The vertical width of each bar is proportional to the number of hurricanes that hit the mainland in a particular decade. The horizontal dimension shows the frequency distribution within the indicated decade. No particularly dramatic trends there. The most interesting feature is the complete absence of Category 1 hurricanes in the decade 1961-1970, which has one of the thinnest bars since only 12 hurricanes hit the mainland that decade.

The next chart I made shows the number of major hurricanes (Category 3 or greater) and minor hurricanes (Category 2 or lower) by decade.

During 1941-1950, 24 hurricanes hit the mainland, 10 of which were category 3 or higher, which was an unusually large proportion of major hurricanes. Other than that, the fraction of major hurricanes each decade appears to be rather constant.

Naturally, I wanted to fit some sort of statistical model to the data. The model that came to mind was a multinomial regression model, which we recently added to Statgraphics. That model calculates the odds that a hurricane will be equal to category *j* for *j*=2,3,4,5 compared to being category 1. It then expresses the log odds as a function of one or more predictor variables. In this case, I chose *decade* to be my sole predictor, giving each decade a value between 1 and 17. The fitted regression model can then be used to show how the probability of a hurricane reaching each category has changed over time.

There is some suggestion that the probability of a storm being category 2 is decreasing, while the probability of a storm being either category 4 or category 5 is increasing. However, the only effect that is close to being statistically significant is that shown for category 5, which has a P-value of slightly less than 0.1.

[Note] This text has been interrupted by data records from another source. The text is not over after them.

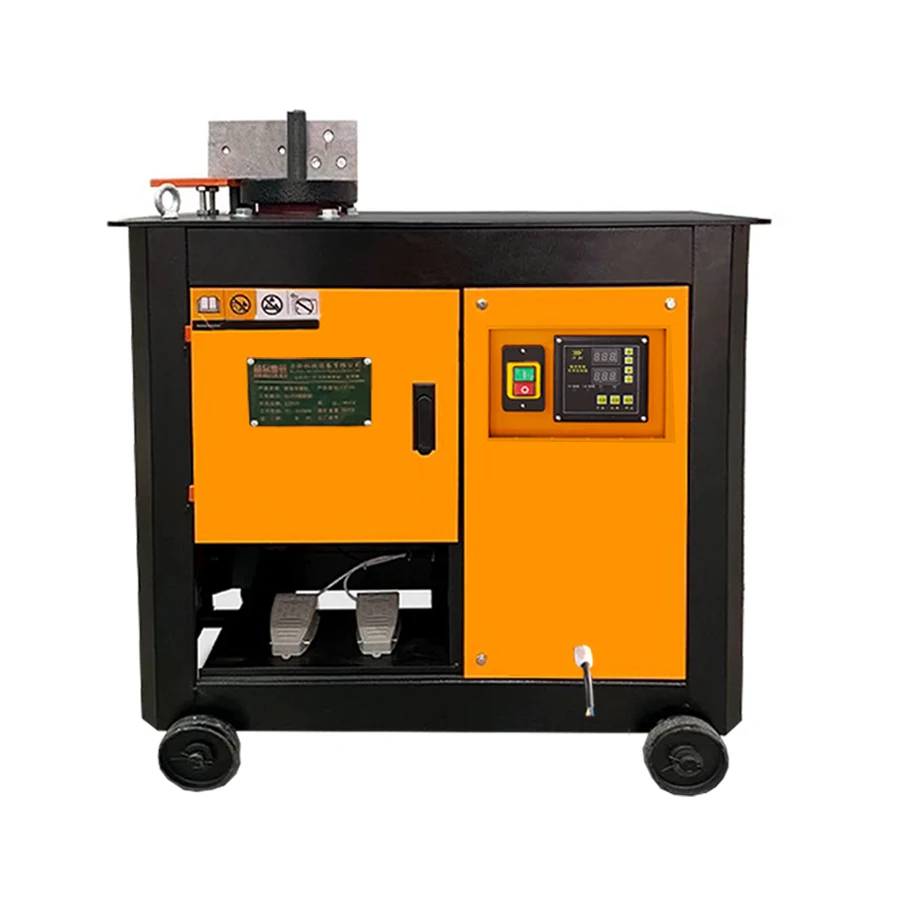 GF25-CNC Steel Bending Machines Iron Rebar Stirrup Bender Hoop Machine 32mm 380v Steel Bar Bending Machine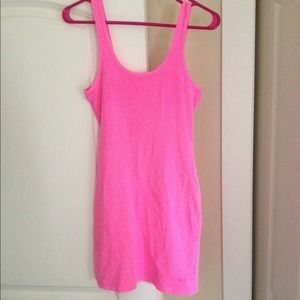 Victoria's Secret Pink tank dress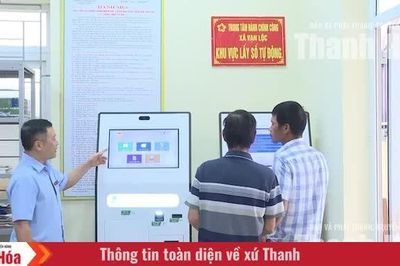 Xây dựng chính quyền thân thiện từ những điều giản dị
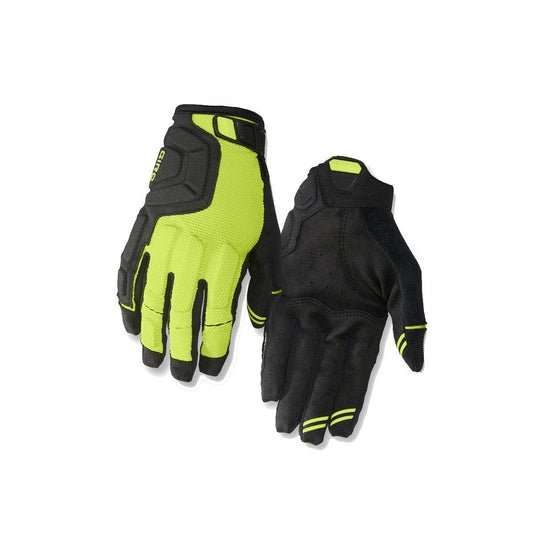 Giro Remedy X2 Mtb Cycling Gloves 2019: Lime/Black S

It will be interesting to watch hurricanes this year. In 2021 and 2022, there were only 3 hurricanes that hit the U.S. mainland. However, 2 were category 4. Also, Hurricane Dora contributed to the devastating wild fires this year in Hawaii. As I write this, Hurricane Idalia has reached category 2 and is forecasted to get even stronger. There's still a lot of hurricane season left this year and I expect to collect considerably more data.